I .c o m m e n t i .d e l l’. « E s p r e s s o »

Già allora il gruppo editoriale l’Espresso faceva politica con notizie fantasiose. Ma mentre oggi può vantare come vaticanista il bravissimo Sandro Magister, durante il pontificato di Pio XII, proprio sulle cose vaticane cominciava a propalare false notizie. Se ne accorse subito Breza che annotava sul suo diario: «Roma, 2 dicembre ’56 - ‘L’Espresso’, uno dei pochi giornali italiani appartenenti al no man’s land, pubblica una rubrica di brevi notizie confidenziali del retroscena politico intitolato Speciale. Tra di esse si trova sempre una porzione di notiziole vaticane, le quali godono di una buona reputazione presso i consolati e le ambasciate, malgrado il fatto che quando ‘L’Espresso’ si lancia in editoriali dedicati alle questioni vaticane, spesso vengano fuori delle assurdità. Ma forse questo succede proprio perché quel pizzico di verità autentica che sono riusciti a scoprire, lo condiscono a profusione con salsa di dubbia autorità. Per quanto riguarda lo Speciale, sono incline a pensare che si tratti di pizzichi senza condimento». (p. 97)

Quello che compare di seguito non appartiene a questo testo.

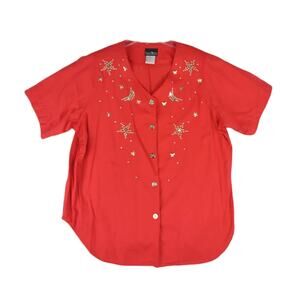 Vintage HUNTER'S RUN Embellished Studs Stars Moon Button V-Neck Shirt Women's 20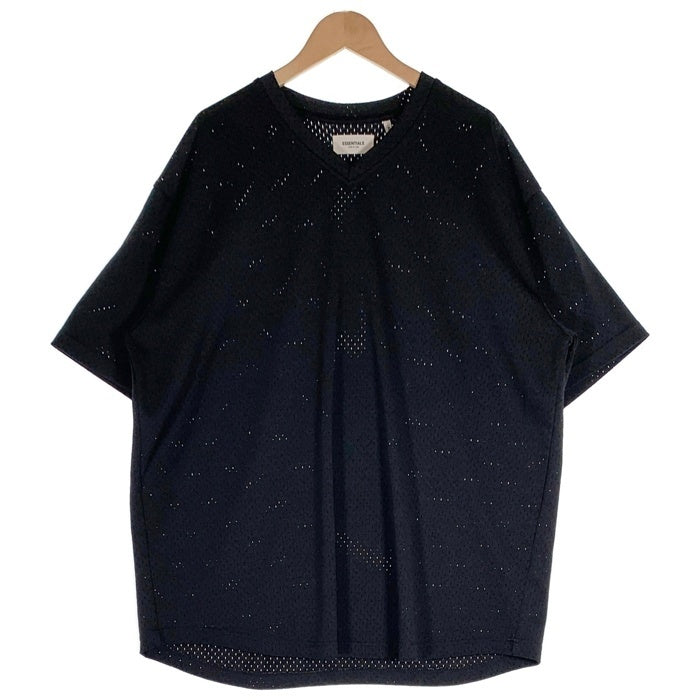FOG ESSENTIALS エッセンシャルズ バックロゴプリント メッシュ VネックTシャツ ブラック Size L 福生店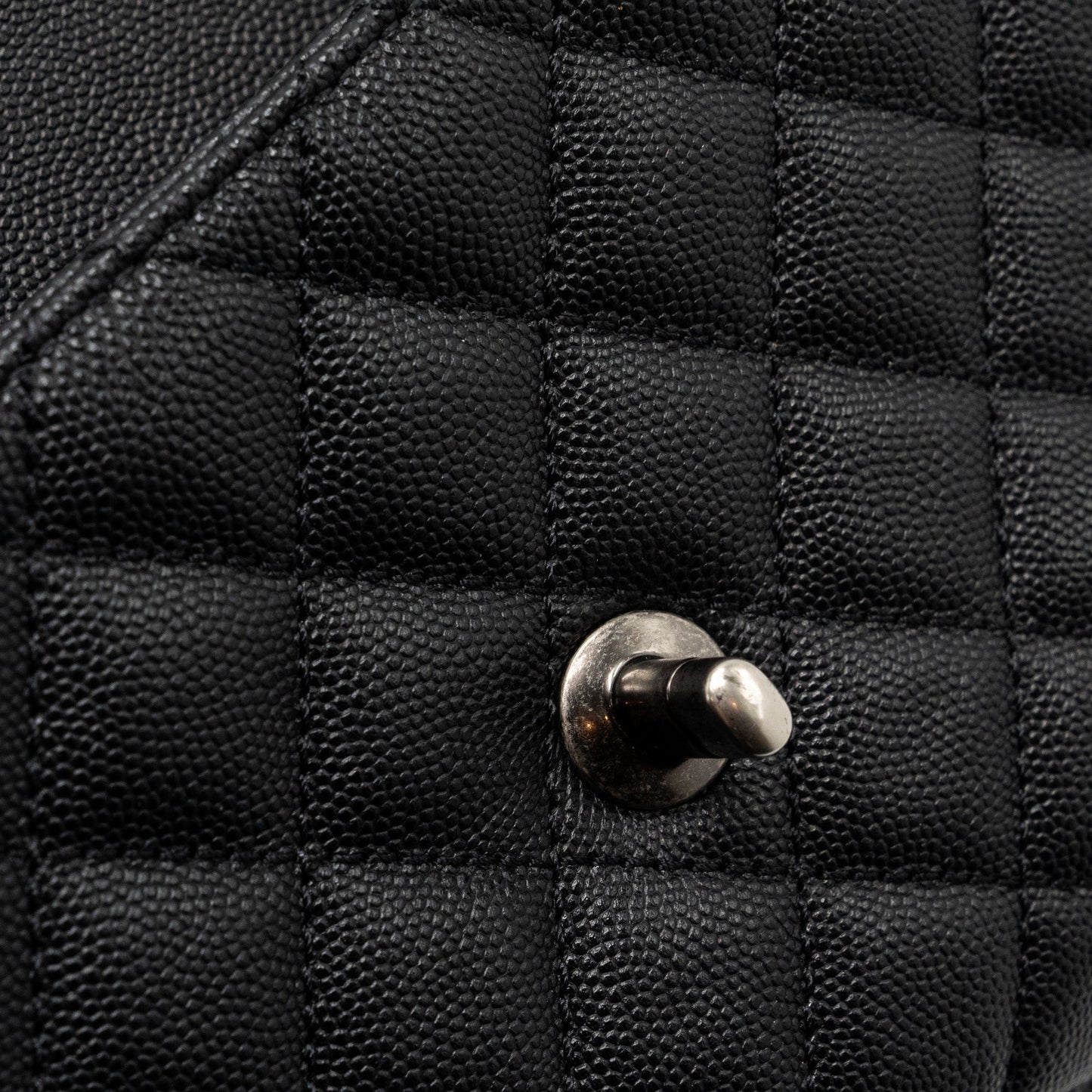 Chanel small coco handle caviar / lizard handle black ruthenium hardware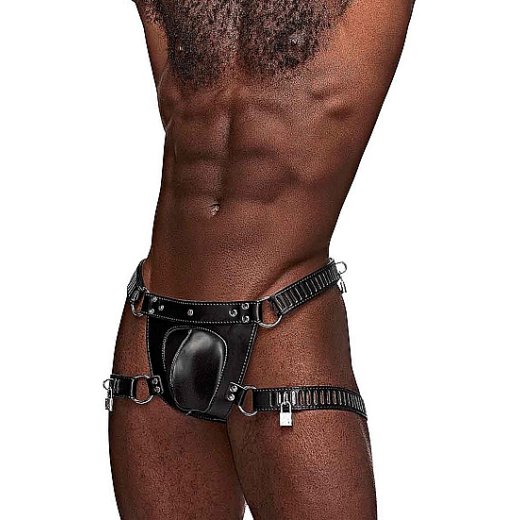 MALE POWER FETISH Scorpio Leder Thong One Size Schwarz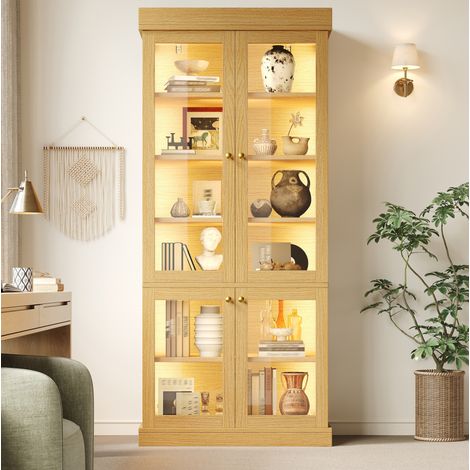 Credenza alta 80x40x180 cm, con illuminazione LED multicolore, ripiani regolabili, MDF e vetro, effetto legno naturale (1/5)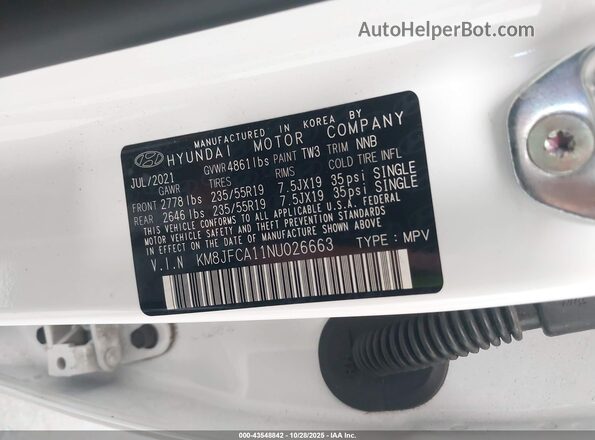 KM8JFCA11NU026663 2022 HYUNDAI TUCSON HYBRID White 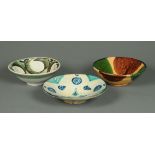 * An Afghan pottery fruit bowl, diameter 23 cm, and two other pottery fruit bowls.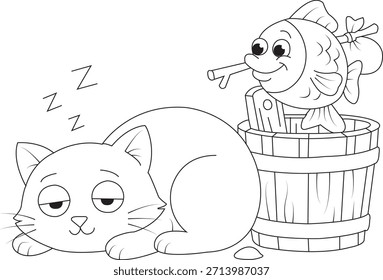 
A cute and friendly illustration of a cat and a fish showing harmony and friendship instead of hunting. Perfect for children’s books, educational projects, coloring pages, nursery decor, cartoons .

I l .l i n g u a g g i o .d e l .p a p a

Assistendo alla beatificazione di Innocenzo XI, Breza nota che «tra le righe delle formule glorificanti e della fraseologia tradizionale delle beatificazioni fa continuamente capolino il motivo informatore dell’intero discorso. Agli occhi di Pio XII Innocenzo XI fu il papa che si batté consapevolmente e senza tregua per affermare il pieno diritto della Sede Apostolica di nominare i vescovi, e per creare uno sbarramento cristiano contro i turchi. Il discorso non contiene la benché minima allusione alla realtà contemporanea, non vi si trovano piccole metafore sparse qua e là: ma esso stesso, nel suo insieme, non è altro che tutta una grande metafora. Fin dalle prime parole si avverte che costruendolo Pio XII ha messo l’accento principale proprio su quei vescovi e su quel muro contrapposto alla grande ondata che minacciava di sommergere il cuore, il focolare stesso della cristianità. Di punti sulle “i” non ne mette mai: altri, a tempo debito, lo faranno per lui». (p. 91) Chi è in grado oggi di leggere la 'grande metafora' del pontificato di Pio XII?

L ’ e p o c a. d e l l a. t e c n o l o g i a

In quegli anni c’era chi diceva che l’America ha preso Cristo senza la croce e la Russia la croce senza Cristo. Con tono leggero Breza riferisce delle riflessioni del coltissimo papa. «Se non ci fosse il comunismo, la spina principale, il problema numero uno sarebbe l’America e l’americanizzazione spirituale del mondo. Il papa non ne parla, non la nomina mai chiaramente. Definisce la nostra epoca come l’epoca della “seconda rivoluzione tecnica”. Tale rivoluzione fa sì, questo più o meno il suo pensiero, che ormai ci appaiano vicini gli orizzonti di un’era in cui non solo la natura del mondo non avrà più segreti, ma non ne avrà più neanche quella dell’uomo, preso sia individualmente che nelle sue connessioni sociali. I gabinetti medici e le cliniche ristabiliranno l’equilibrio morale; i problemi sociali man mano si presenteranno verranno risolti in un baleno dai cervelli elettronici; non ci sarà più posto per le passioni, per gli impulsi, per l’irrazionale. […] Più piano! Più piano! Lasciate che l’uomo riprenda fiato! […] Coloro che accusano la Chiesa di tradizionalismo, prosegue Pio XII, non capiscono che oggi al mondo non c’è niente di più umano della tradizione. […] La tradizione, sempre a detta di Pio XII, non solo ha un valore terapeutico per la piaga della vita moderna, e cioè la rapida e incessante trasformazione del mondo sotto la spinta delle illimitate possibilità tecniche, ma dovrebbe anche venir applicata preventivamente dovunque il progresso non sia ancora arrivato…». (pp. 111-112)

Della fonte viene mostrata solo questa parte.